- [EXERCISE REQUIREMENTS]: After locating the line that contains "The main part" in the data below, set down exactly that line and each one after it through the line that contains "This one's got", and nothing more.

- [RECORD SET]:
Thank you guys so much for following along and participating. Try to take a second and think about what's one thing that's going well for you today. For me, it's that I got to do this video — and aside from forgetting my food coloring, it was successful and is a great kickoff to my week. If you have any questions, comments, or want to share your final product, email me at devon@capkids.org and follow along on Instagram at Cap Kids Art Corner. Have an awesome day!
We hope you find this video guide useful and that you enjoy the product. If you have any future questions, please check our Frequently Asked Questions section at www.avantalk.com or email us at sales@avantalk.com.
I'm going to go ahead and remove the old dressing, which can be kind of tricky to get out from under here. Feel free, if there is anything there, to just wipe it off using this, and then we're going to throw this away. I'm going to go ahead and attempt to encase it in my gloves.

* * *

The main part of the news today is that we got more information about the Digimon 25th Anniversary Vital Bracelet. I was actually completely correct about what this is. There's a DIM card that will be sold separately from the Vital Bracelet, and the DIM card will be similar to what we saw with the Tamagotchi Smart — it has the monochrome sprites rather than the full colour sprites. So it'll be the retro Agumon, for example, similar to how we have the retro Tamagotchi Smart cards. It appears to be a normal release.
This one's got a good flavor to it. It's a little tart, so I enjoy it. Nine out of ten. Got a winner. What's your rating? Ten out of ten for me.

--

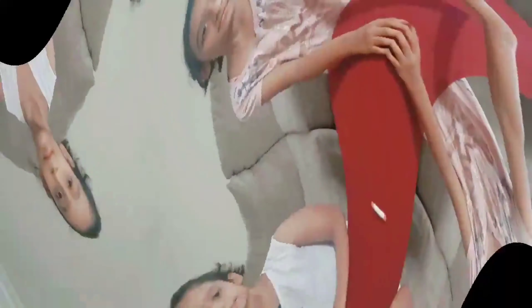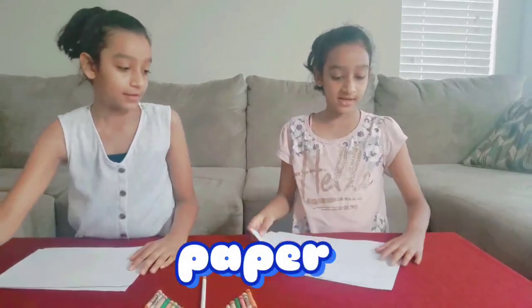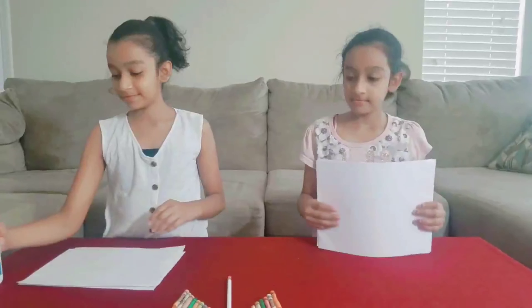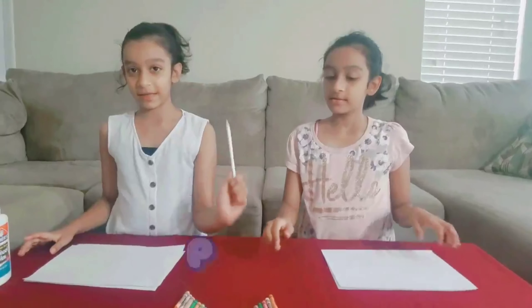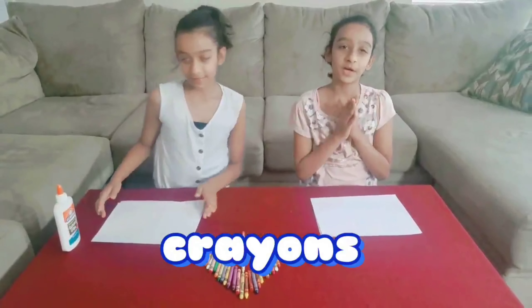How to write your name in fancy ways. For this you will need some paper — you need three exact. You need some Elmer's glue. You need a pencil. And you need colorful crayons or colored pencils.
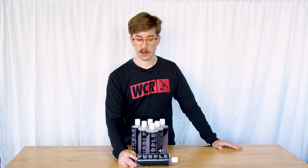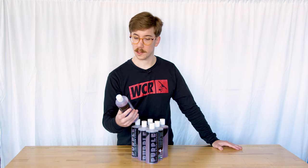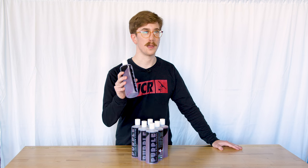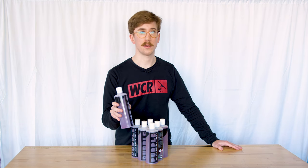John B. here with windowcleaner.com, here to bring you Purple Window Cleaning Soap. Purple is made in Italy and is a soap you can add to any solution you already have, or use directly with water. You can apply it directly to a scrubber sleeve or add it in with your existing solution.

- [SOLUTION BELOW]:
The main part of the news today is that we got more information about the Digimon 25th Anniversary Vital Bracelet. I was actually completely correct about what this is. There's a DIM card that will be sold separately from the Vital Bracelet, and the DIM card will be similar to what we saw with the Tamagotchi Smart — it has the monochrome sprites rather than the full colour sprites. So it'll be the retro Agumon, for example, similar to how we have the retro Tamagotchi Smart cards. It appears to be a normal release.
This one's got a good flavor to it. It's a little tart, so I enjoy it. Nine out of ten. Got a winner. What's your rating? Ten out of ten for me.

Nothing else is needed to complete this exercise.